I don't see that the actions of schizophrenia patients are any more
predictable than yours or mine. In fact, people suffering from this disease
are often *less* predictable (which is why schizophrenia can sometimes be
dangerous). To the extent that their actions are controlled by their
conscious minds, they have free will. If they feel they are being "forced"
to act contrary to their will (speculatively, perhaps by *random* excitation
of parts of their brain), I would suggest that they do *not* have free will
in such cases, because their actions are not willed by their conscious
minds. In this case randomness is contrary to free will, illustrating why
basing free will on unpredictability is a fallacy.

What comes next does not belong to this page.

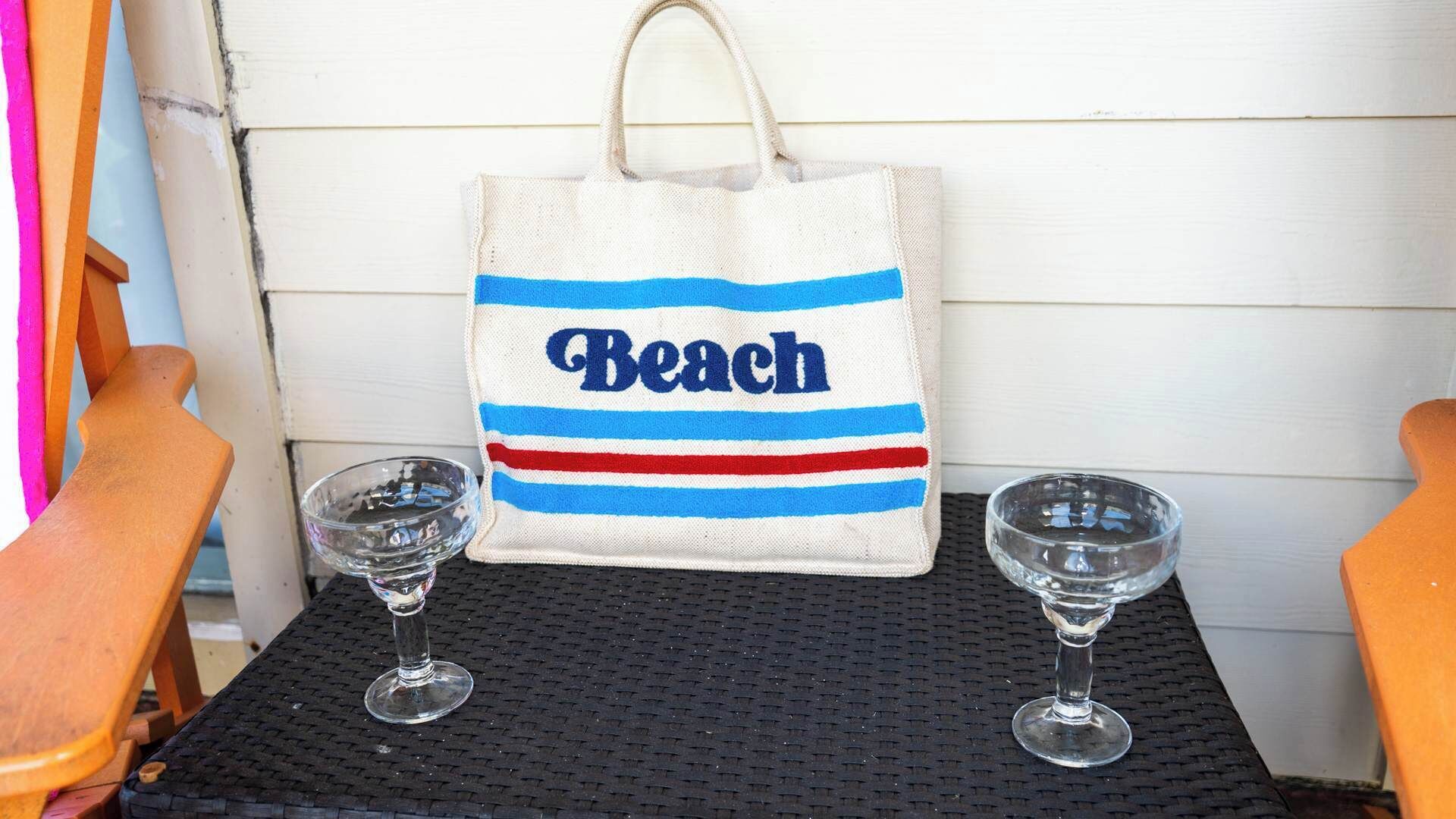A beach-themed tote bag with the word "Beach" on a table with two wine glasses.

> Another example might be a self-aware computer of the future that
> would be programmed to have predictable actions as well as
> self-determination. Would it have free will?

Yes.

Although what do you mean by "predictable"? Its actions might be predictable
only insofar as an identical program subjected to identical stimulus would
give identical actions (its actions might be predictable / deterministic but
computationally irreducible).

> In both cases, the actions of the Self-Aware Organism are predictable,
> hence their will is not free. They are bound by their destiny.

I don't see how mere predictability is incompatible with free will. Your
actions too are predictable. If I set you in the middle of a highway with a
large bus heading for you, I predict you will move out of the way, unless
you are suicidal. Does that mean *you* do not have free will?

> To have free will, the actions of a SAO cannot be completely
> predictable.

Why not? There is no contradiction between determinism / predictability and
free will, so long as free will is viewed as self-determinism.